The Online Director introduces us. They shake my hand. I can't say anything. All I can do is smile, a smile that stretches all my muscles and skin, and I feel that lightness again.

SOD Online decides that the pictures should be taken now so I stand with Charles Keating on my left and Victoria Wyndham on my right. I am light. I am overwhelmed. I can't believe I am here. I can't believe that I or they or this is real.

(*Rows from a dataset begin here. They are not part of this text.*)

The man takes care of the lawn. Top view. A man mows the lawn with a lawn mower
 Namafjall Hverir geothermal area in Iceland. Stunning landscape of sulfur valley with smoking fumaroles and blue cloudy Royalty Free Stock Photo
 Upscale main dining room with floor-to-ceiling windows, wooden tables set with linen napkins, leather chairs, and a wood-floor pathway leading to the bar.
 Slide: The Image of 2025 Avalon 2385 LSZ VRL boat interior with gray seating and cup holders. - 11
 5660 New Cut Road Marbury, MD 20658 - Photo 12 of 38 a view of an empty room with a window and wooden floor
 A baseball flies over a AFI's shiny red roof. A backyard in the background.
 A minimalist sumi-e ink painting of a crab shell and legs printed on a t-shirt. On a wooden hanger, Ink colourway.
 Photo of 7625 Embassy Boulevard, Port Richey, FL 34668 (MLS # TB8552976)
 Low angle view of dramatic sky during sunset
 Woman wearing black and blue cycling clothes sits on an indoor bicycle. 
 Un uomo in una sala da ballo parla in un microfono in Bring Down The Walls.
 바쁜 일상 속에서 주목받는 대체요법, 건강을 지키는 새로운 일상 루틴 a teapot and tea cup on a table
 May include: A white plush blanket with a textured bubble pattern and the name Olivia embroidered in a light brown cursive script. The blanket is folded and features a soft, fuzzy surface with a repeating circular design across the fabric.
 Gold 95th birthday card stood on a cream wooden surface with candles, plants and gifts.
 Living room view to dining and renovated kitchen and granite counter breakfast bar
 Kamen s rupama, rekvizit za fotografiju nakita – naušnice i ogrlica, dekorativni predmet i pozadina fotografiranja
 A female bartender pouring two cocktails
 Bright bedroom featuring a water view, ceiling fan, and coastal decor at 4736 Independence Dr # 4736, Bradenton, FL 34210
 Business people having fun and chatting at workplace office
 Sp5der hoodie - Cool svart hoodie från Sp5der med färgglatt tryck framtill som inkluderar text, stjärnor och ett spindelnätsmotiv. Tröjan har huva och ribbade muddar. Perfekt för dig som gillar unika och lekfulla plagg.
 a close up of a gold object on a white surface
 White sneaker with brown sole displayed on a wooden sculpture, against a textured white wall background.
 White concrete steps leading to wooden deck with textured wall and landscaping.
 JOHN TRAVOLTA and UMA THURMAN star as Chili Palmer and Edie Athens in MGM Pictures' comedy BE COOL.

They are laughing and smiling, looking at me, asking the normal questions. I manage a few answers about places I've lived and schools I've attended when I look up at Vicky and freeze. I want to say, "Do you know I have known your face my whole life? Do you know how much I admire you? " Instead, I am speechless. There is a moment of silence sans the click of the camera. She leans a little closer, her eyes soften, and she says, "It's alright, dear."

*

They begin the chat. I look back and forth at their faces. They are animated, playing off each other and the questions AW fans have submitted. Vicky often leans close to the computer screen when answering. Charles saunters from the window to the couch, occasionally catching my gaze and winking. I am blushing. There is so much laughter. I marvel at two of the wonderful SOD online people, one who types so fast and the other who remains so calm when Yahoo keeps freezing. "Too many people are trying to log on," she says. Vicky and Charles are so excited by the turnout. Pretty good for a show that people say no one watched.

*

They stay longer than scheduled, answering as many questions as they can. The respect they have for the fans permeates every answer they give. Their love of the written word is infused with their very being. The term 'art for art's sake" constantly loops through my mind.

My mom tells Vicky as she hands her and Charles cards to autograph, "You have been in my living room longer than most of my friends or family." I hand Charles my 35th Anniversary book to sign. I whisper, "I was born on your birthday."

The Online staff join the discussion of horoscope signs as the two actors give their autographs. I then tell the room about the two funds established in honor of Another World. I tell them that I am hoping to organize a dedication ceremony next year. They say they would love to be there. They say they are so touched and honored.

I am staring at my feet now. They are preparing to leave. I can't let them leave yet. "I want to create," I say. They both reach for my hand. "NBC didn't win because they are only interested in destroying." "You," I look at both of them, "create."

*

We are in Central Park now, my mom and I. After the actors left, and we gave our appreciation and goodbyes to the Online staff, I could think of no other place I would rather be. We are sitting on the bench, the one I hope will someday belong to all AW fans. My mom carefully turns the pages of the Anniversary book. In it, Charles has wished me "a happy birthday, when it comes." I read the card Vicky signed to my mom. "Barbara, it was so nice to be in your living room all these years."

Suddenly the sadness hits me. After all is said and done, when excuses grow tired and façades begin to fade, isn't that what we all want-to have someone in our living room and to have that someone want to be there?

I wanted them to be there, and it seems they were pleased to accept the invitation. Why can they no longer come? What will be remembered of their daily entrance into each of our homes?

*

I am staring at the Manhattan skyline, resting on my heels on the sidewalk. "What did you think of the day, Mom?"

"Oh, I really enjoyed watching them," she responds. The swans in the lake gather around us in misplaced anticipation. "But I really enjoyed watching you watch them." We stare at the swans. There is silence until she says, "And you? What did you enjoy about the day?"

I want to say, "What if we never have this day again? What are we going to do, Mama, now that we don't have this thread? Will we unravel? What will we fill our silences with now?"

Instead I say, "I loved hearing you laugh."